▶ Task instructions: All of the data must be written out verbatim, with pictures excluded.

▶ Given material:
═══

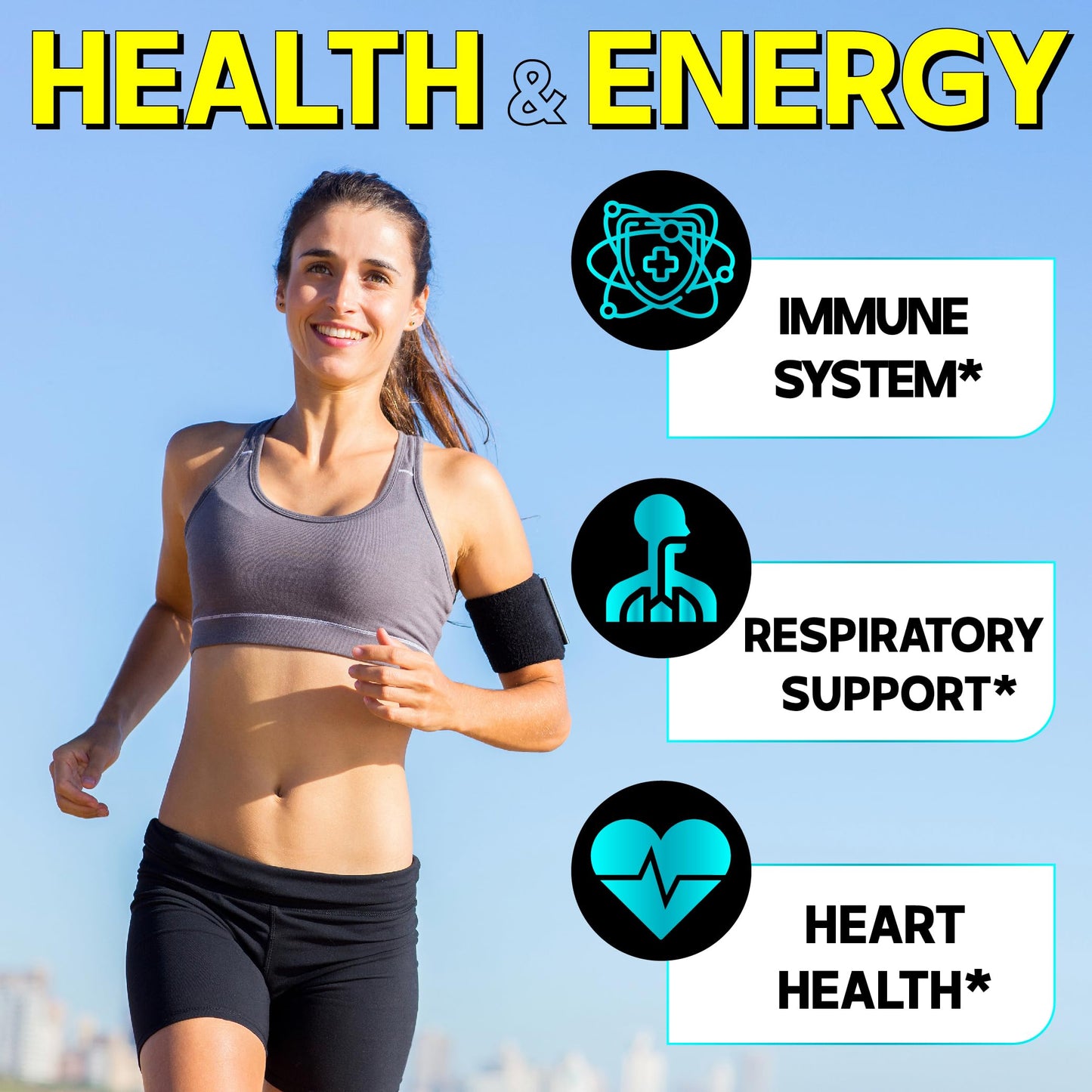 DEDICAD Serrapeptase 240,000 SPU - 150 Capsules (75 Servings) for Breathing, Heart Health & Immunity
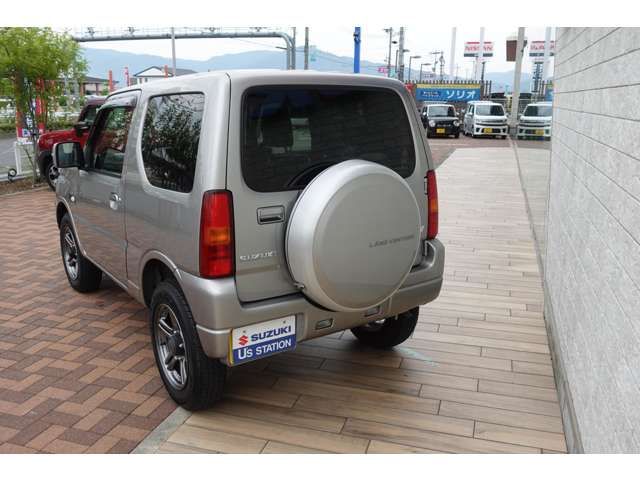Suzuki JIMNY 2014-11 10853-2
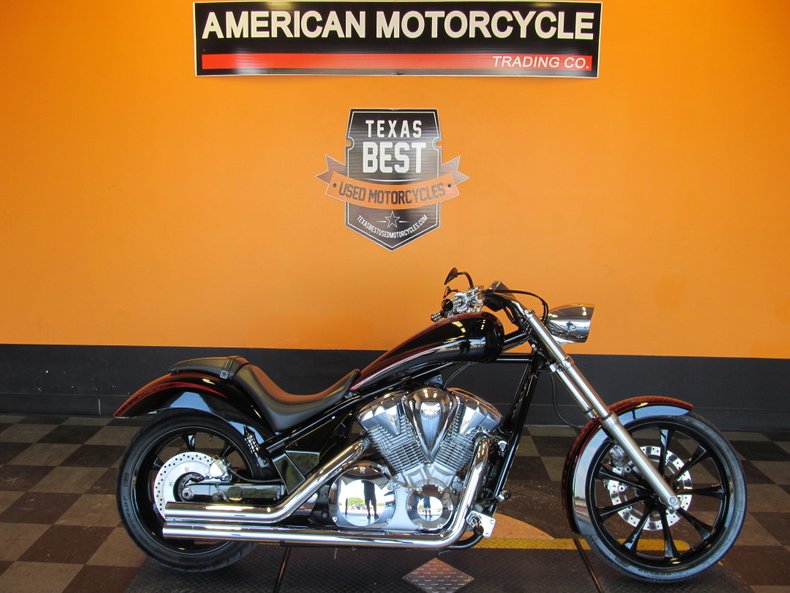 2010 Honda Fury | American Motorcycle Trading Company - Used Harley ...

═══

▶ Problem solution:
 DEDICAD Serrapeptase 240,000 SPU - 150 Capsules (75 Servings) for Breathing, Heart Health & Immunity
Suzuki JIMNY 2014-11 10853-2
 2010 Honda Fury | American Motorcycle Trading Company - Used Harley ...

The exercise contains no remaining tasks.